Всегда знал, что заберу ее. Планировал как-то по нормальному. Чтобы как у людей. Видел же, что и без того меня боится.
Вот только по-нормальному я, очевидно, не умею. Привык все за раз нахрапом брать. Думал, заплатил, и она, тихоня, не посмеет мне хоть как-то противостоять. Ни хрена, удивила Барби. Оказалась упрямее и смелее, чем я изначально предполагал. Безусловно, этот набор – не ее природные качества. Результат отчаяния.
Дождаться бы, пока свыкнется с образовавшейся ситуацией… Мне и самому нужна перестройка, едва ли не в другого человека, чтобы не сломать ее.
В полумраке спальни первое, что в глаза бросается – длинные светлые пряди волос на черном постельном белье.
Решаю, что спит. Но стоит подойти к кровати и приподнять со свободной стороны одеяло, вьюном взвивается.
– Что ты делаешь? – интересуюсь холодно.
Смотрю в ее глаза и вновь диву даюсь тому, что, невзирая на свой покладистый характер, рядом со мной эта девчонка огнемет достает.
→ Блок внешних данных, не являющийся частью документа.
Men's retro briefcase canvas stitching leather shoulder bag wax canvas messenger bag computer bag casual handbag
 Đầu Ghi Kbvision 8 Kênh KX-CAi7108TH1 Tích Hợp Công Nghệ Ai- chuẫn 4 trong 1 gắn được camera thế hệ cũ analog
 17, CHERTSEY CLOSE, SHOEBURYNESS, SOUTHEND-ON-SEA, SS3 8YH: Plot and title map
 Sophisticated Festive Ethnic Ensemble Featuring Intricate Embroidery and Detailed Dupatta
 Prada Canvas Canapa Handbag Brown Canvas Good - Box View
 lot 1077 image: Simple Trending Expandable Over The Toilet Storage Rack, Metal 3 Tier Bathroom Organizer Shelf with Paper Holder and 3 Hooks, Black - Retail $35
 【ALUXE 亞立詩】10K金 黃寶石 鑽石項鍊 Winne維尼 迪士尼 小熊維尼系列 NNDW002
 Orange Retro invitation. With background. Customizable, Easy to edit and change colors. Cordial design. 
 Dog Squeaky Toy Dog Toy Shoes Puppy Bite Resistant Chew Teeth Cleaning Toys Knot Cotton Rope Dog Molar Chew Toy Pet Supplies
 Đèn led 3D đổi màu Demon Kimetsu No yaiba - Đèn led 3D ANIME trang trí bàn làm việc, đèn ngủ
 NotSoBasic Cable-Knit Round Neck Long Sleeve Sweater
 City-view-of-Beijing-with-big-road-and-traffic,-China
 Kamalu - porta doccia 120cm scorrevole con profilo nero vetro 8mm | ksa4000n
Прищуриваясь, взглядом останавливаю.
– Ты тоже здесь спать будешь?
– Привыкай, Барби. С сегодняшнего дня мы спим вместе. Ты – всегда голая.
– Это обязательно? Голая?
– Просто сними долбаное полотенце. Комментировать каждое мое слово вовсе не обязательно. Особенно сегодня.
– А что сегодня?
Ты впервые в моей власти.
– Снимай и ложись. Иначе решу, что ты жаждешь полного знакомства. Сегодня. Трону, хрен вырвешься, Барби. Втрамбую в матрас. Пару финтов и потечешь. Сама упрашивать будешь. Понимаешь, о чем я?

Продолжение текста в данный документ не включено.